§ What needs to be done:
The expected output is each line from the one containing "Hotel St. Georg" to the last line of the data below, set down exactly, minus the pictures.

[[ Supplied information, beginning ]]

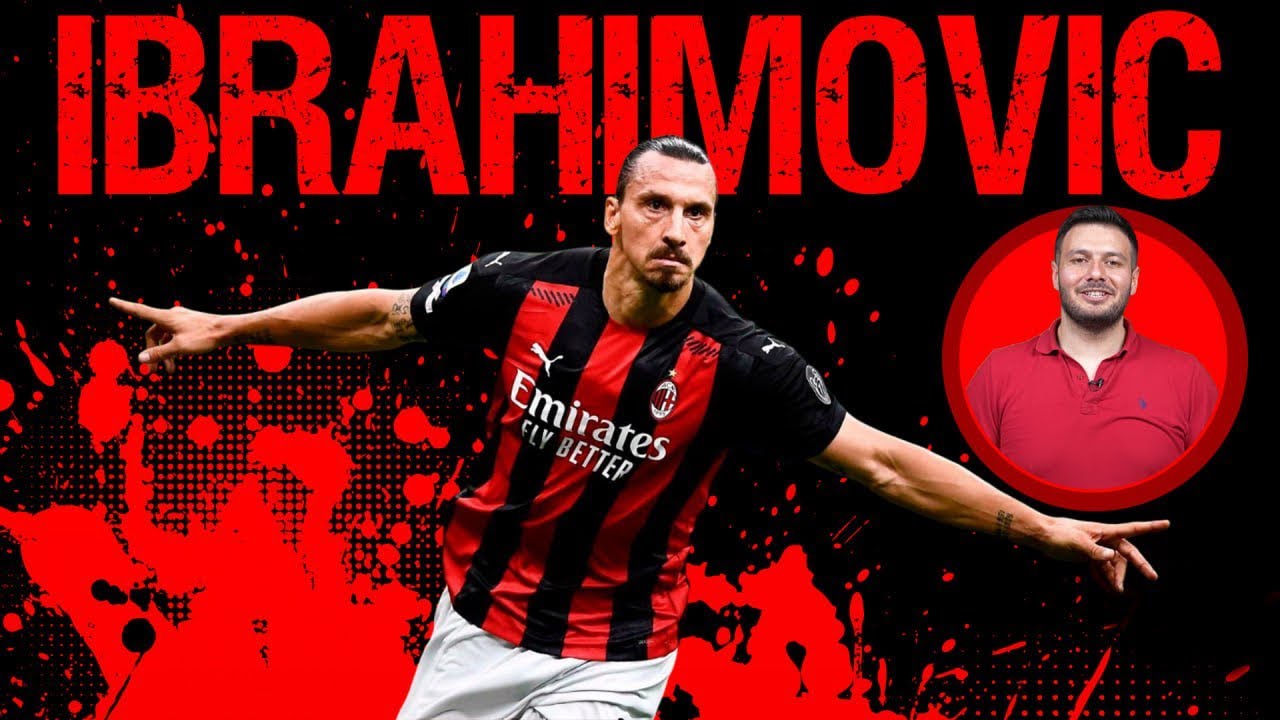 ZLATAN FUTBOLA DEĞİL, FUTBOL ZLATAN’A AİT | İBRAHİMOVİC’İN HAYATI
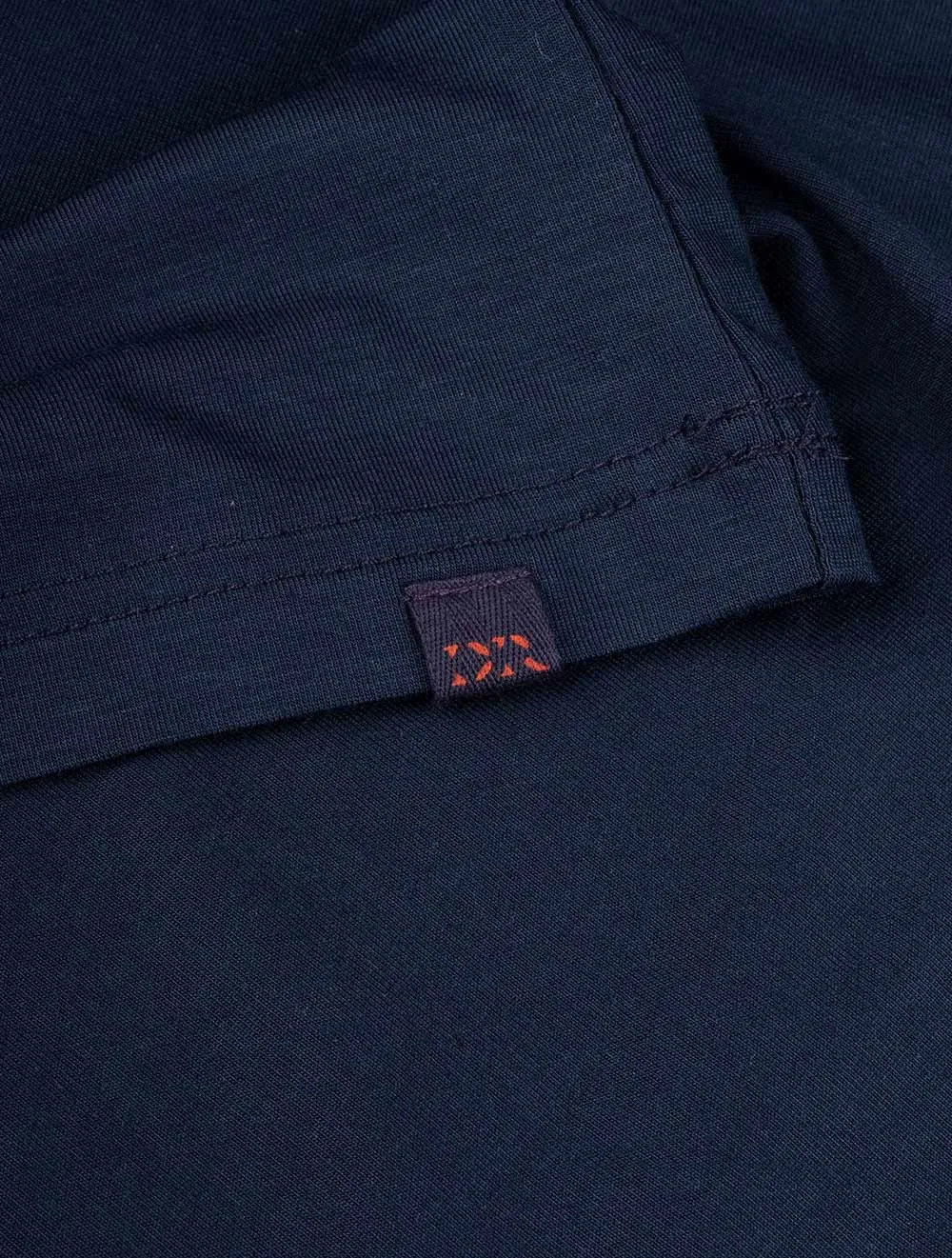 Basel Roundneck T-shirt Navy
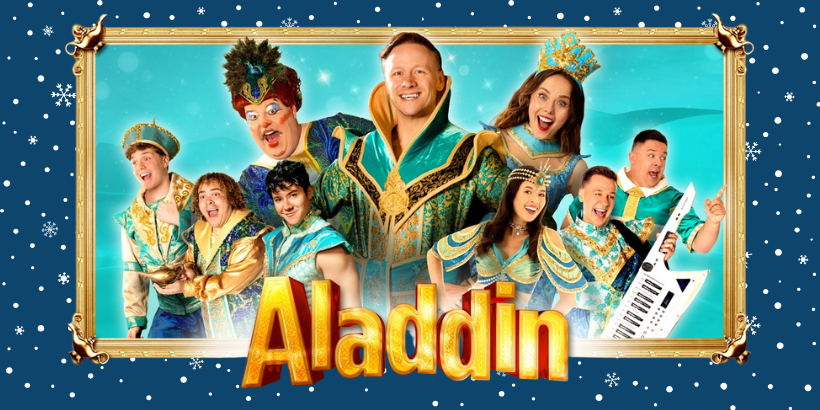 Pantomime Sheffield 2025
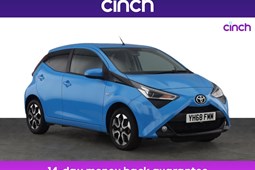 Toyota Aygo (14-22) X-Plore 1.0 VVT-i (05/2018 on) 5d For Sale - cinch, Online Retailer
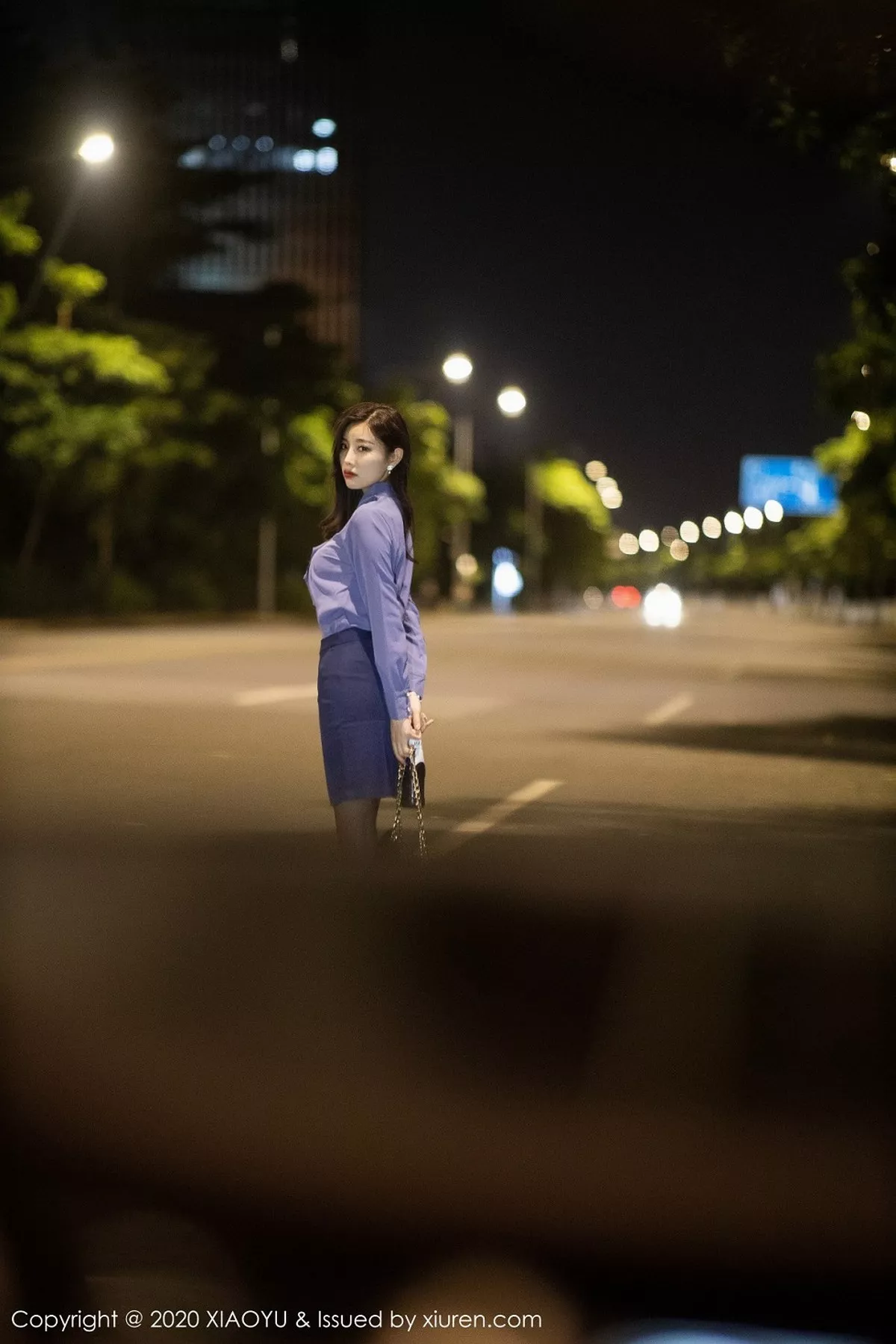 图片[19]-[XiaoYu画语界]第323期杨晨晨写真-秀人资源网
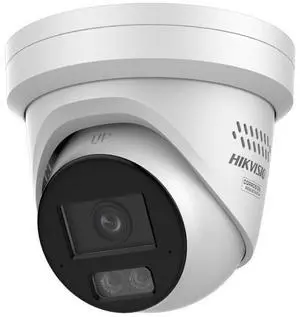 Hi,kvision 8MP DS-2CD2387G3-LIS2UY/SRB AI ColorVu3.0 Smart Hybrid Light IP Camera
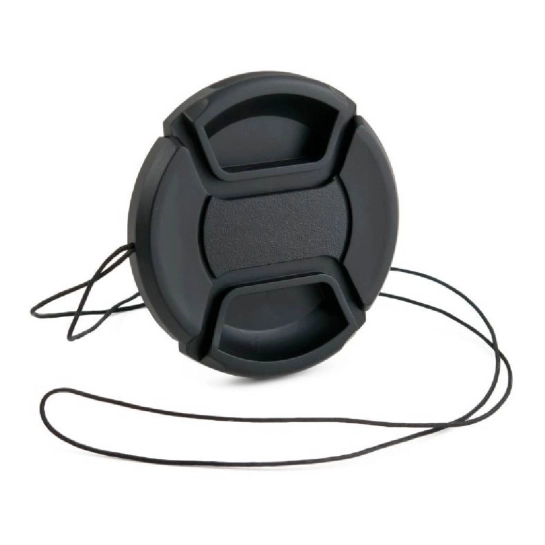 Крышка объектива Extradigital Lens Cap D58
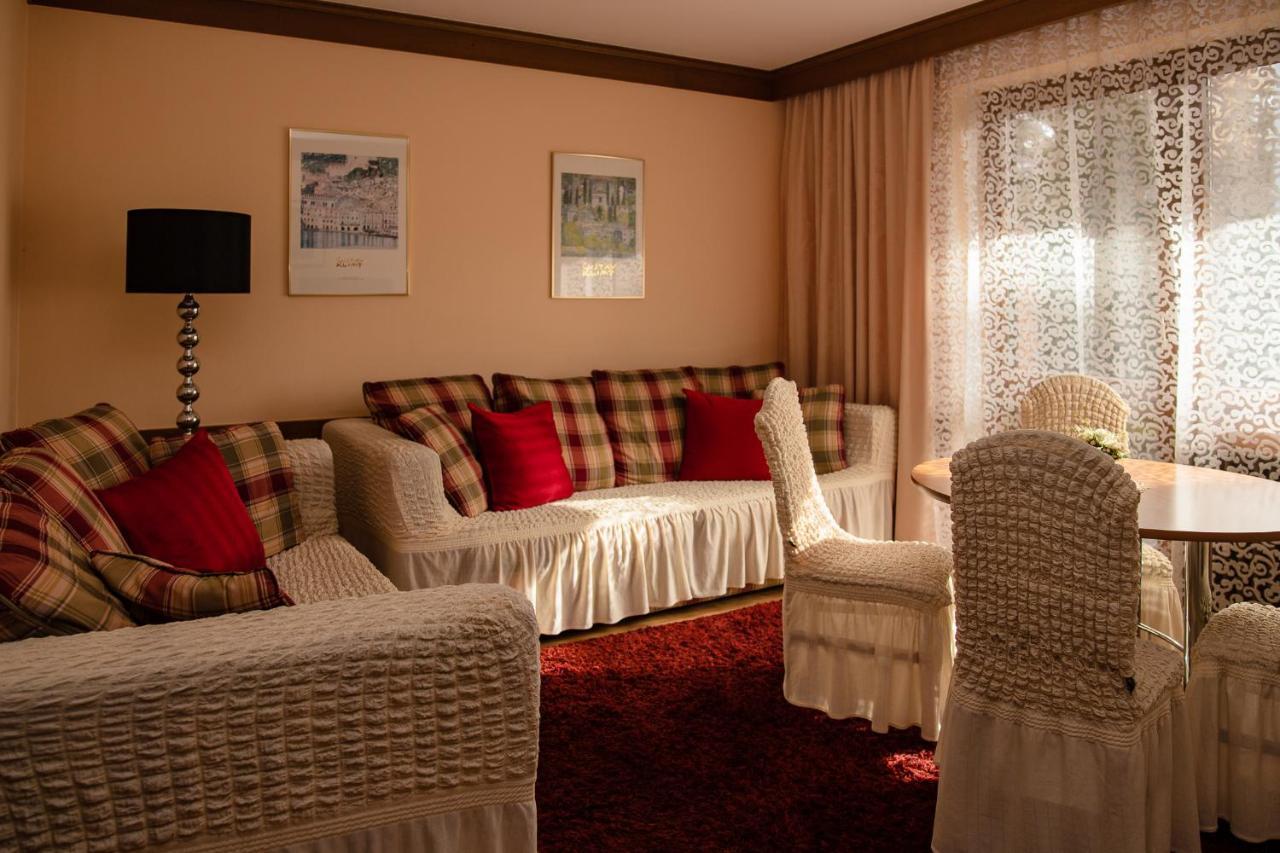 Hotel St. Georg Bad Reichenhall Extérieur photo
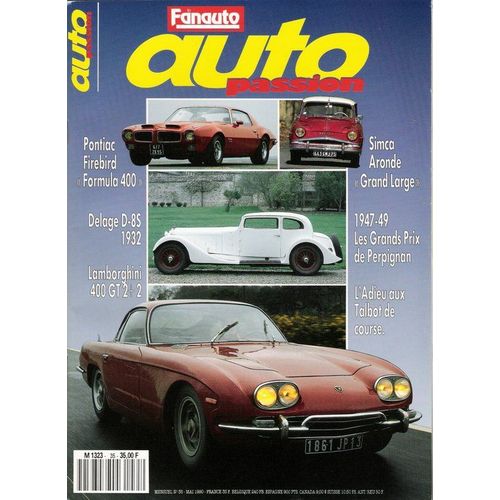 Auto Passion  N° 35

[[ Supplied information, end ]]

§ Expected answer:
 Hotel St. Georg Bad Reichenhall Extérieur photo
 Auto Passion  N° 35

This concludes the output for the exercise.